### About this exercise
Using the data below, restate exactly every line from the one with "7994 Via Villagio, West" up to and including the one with "Hyundai i30 1.6". No picture belongs in it.

***** Data to use *****

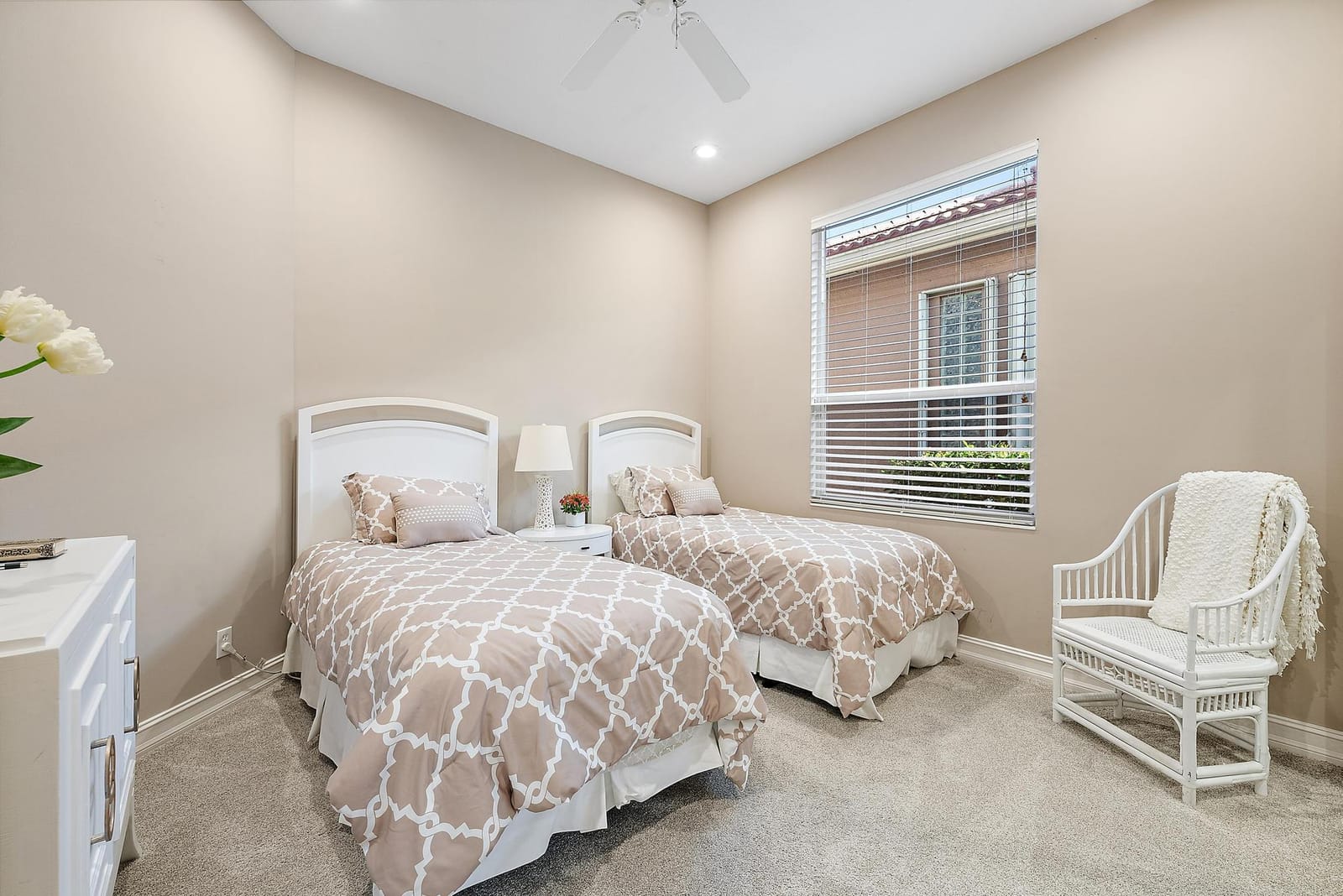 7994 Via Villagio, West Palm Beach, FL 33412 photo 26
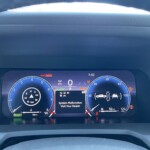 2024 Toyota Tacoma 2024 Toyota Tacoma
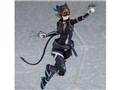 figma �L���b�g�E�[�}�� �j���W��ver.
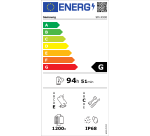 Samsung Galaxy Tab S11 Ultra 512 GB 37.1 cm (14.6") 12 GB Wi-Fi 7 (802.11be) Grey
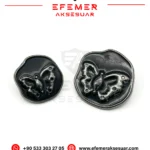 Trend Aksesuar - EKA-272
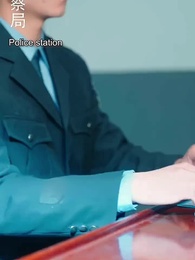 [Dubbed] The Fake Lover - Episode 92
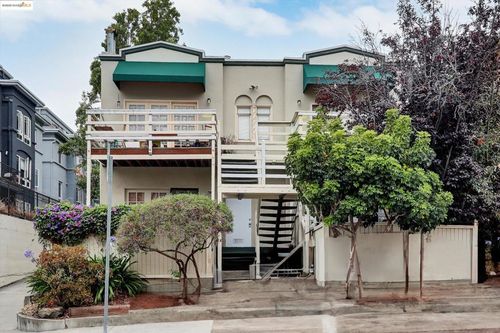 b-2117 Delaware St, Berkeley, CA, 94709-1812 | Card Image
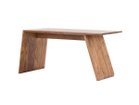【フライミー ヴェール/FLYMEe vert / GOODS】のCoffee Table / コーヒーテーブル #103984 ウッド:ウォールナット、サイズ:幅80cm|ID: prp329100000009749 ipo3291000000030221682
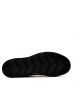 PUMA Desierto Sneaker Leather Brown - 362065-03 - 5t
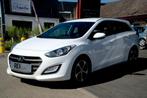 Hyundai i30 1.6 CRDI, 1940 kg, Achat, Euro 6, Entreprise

*****
***** Data to use *****

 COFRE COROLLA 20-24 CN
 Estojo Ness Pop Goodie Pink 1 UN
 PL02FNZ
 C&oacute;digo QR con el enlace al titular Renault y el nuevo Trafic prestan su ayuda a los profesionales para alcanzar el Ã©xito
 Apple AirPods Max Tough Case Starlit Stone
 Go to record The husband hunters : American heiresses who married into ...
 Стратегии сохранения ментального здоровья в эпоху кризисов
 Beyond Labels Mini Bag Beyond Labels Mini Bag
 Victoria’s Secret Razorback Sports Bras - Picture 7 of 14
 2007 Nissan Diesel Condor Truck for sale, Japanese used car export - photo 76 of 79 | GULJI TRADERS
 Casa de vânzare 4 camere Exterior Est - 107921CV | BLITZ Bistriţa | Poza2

*****
***** Data to use *****

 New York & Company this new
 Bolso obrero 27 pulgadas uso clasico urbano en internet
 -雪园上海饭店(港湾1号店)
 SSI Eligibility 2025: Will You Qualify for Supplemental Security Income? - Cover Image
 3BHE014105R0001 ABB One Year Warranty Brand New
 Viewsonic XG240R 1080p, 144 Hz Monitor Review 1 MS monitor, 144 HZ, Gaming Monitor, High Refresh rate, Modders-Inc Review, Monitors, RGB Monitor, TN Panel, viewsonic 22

*****

### Reply
 7994 Via Villagio, West Palm Beach, FL 33412 photo 26
 2024 Toyota Tacoma 2024 Toyota Tacoma
 figma �L���b�g�E�[�}�� �j���W��ver.
 Samsung Galaxy Tab S11 Ultra 512 GB 37.1 cm (14.6") 12 GB Wi-Fi 7 (802.11be) Grey
 Trend Aksesuar - EKA-272
 [Dubbed] The Fake Lover - Episode 92
 b-2117 Delaware St, Berkeley, CA, 94709-1812 | Card Image
【フライミー ヴェール/FLYMEe vert / GOODS】のCoffee Table / コーヒーテーブル #103984 ウッド:ウォールナット、サイズ:幅80cm|ID: prp329100000009749 ipo3291000000030221682
 PUMA Desierto Sneaker Leather Brown - 362065-03 - 5t
 Hyundai i30 1.6 CRDI, 1940 kg, Achat, Euro 6, Entreprise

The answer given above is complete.